The Associated PressIowa Gov. Kim Reynolds, right, Nebraska Gov. Pete Ricketts, second right, Missouri Gov. Mike Parson, and Kansas Lt. Gov. Lynn Rogers, left, face reporters following a meeting in Council Bluffs, Iowa, Friday, April 26, 2019, with officials from the U.S. Army Corps of Engineers and the Federal Emergency Management Agency to discuss the aftermath of the recent flooding along the Missouri River. (AP Photo/Nati Harnik)
The leaders of several Midwest states hit recently by flooding along the Missouri River said Friday they’ve received assurances from the U.S. Army Corps of Engineers that the states will “have a seat at the table” when it comes to river management decisions.
“That was crystal clear when we left that table, that the states were going to have some say in how the river is managed,” said Republican Missouri Gov . Mike Parson immediately after leaving a meeting with Corps officials in the western Iowa city of Council Bluffs. Parson was joined by Iowa Gov. Kim Reynolds and Nebraska Gov. Pete Ricketts, both Republicans, and Kansas Democratic Lt. Gov. Lynn Rogers. It was the second such meeting since last month’s flooding that devastated farms and communities and ripped apart roads and bridges, causing more than an estimated $3 billion in damage.

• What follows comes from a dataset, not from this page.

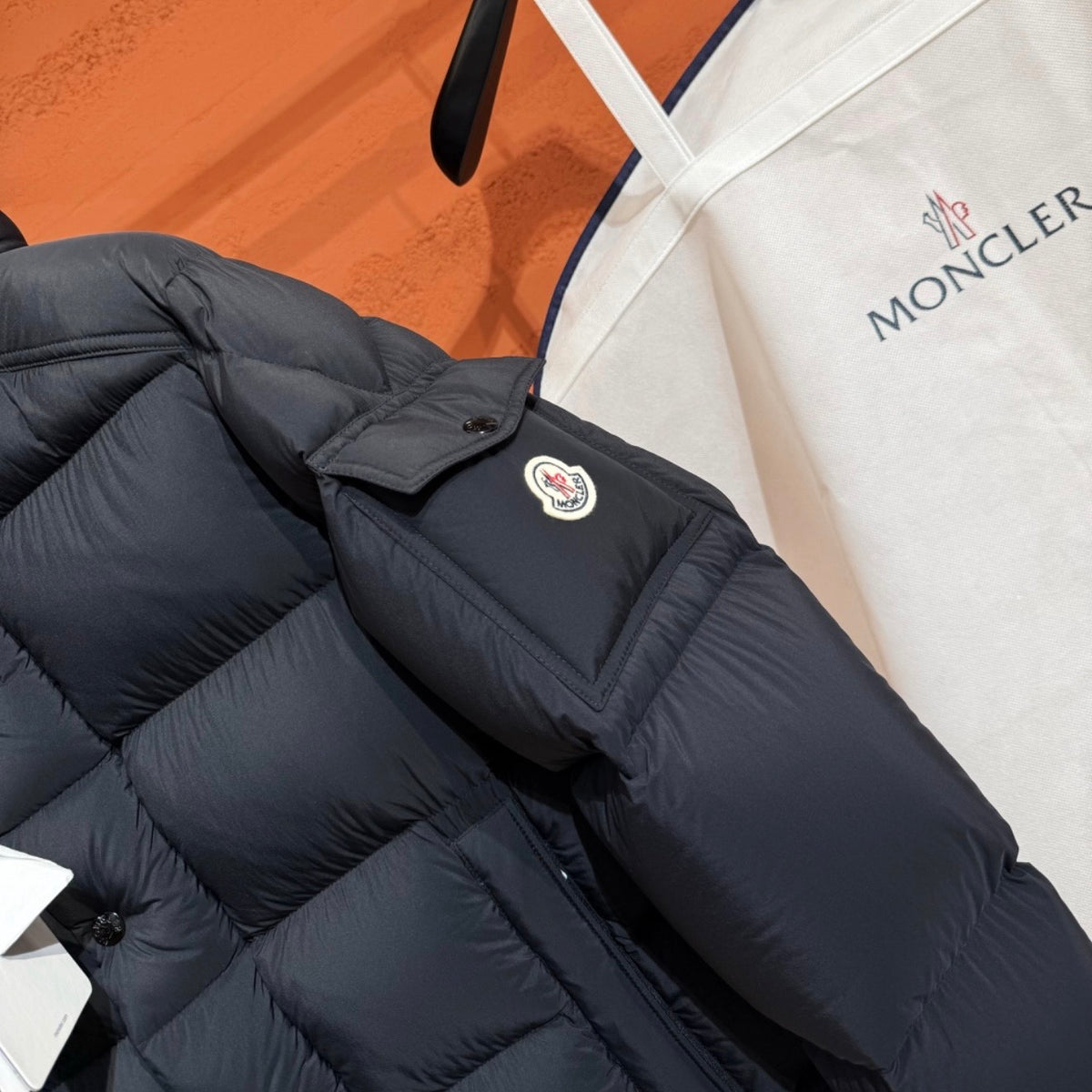 (PRE ORDER) MNCLR MAYA 70 COAT - BLACK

Ricketts said the four states are considering pushing for formation of a Missouri River management group — similar to the Mississippi River Commission — that would include representatives from the states.

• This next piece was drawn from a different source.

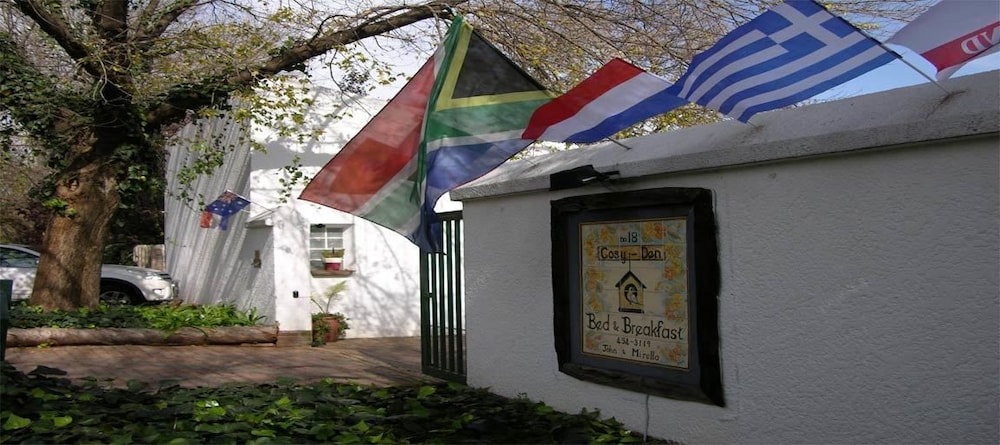 Cosy Den B&B Luxury Guest House Style 2/11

“We’re going to work together and pull together as four states … to be able to change the way the river is controlled,” he said.

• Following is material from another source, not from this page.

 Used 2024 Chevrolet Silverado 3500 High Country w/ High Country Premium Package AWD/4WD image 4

The Mississippi River Commission was formed 140 years ago to recommend policy regarding flood control, navigation and environmental projects on the Mississippi River. Its membership consists of three Corps officers, a member of the National Oceanic and Atmospheric Administration and three civilians, two of whom must be civil engineers. The U.S. president appoints the commission’s members.
“We along the Missouri River don’t have that,” Ricketts said. “I think it’s something we should look at.”
The state leaders also received an update Friday from the Corps on the progress of repairing the largest levee breaches along the river, most of which occurred in southwestern Iowa. Reynolds said repair contracts for three of the four largest breaches have already been awarded and that some of the repairs could be finished as early as July.
The Corps announced Friday that it awarded a $6 million contract to repair a 1,200-foot breach on the levee south of Highway 34 in Mills County, Iowa. The initial repair will provide flood protection to areas behind the levee, including work to repair Highway 34 and Interstate 29, both of which were heavily damaged by the flooding and remain closed.
The Corps expects that repair to be finished within 45 days of the work beginning.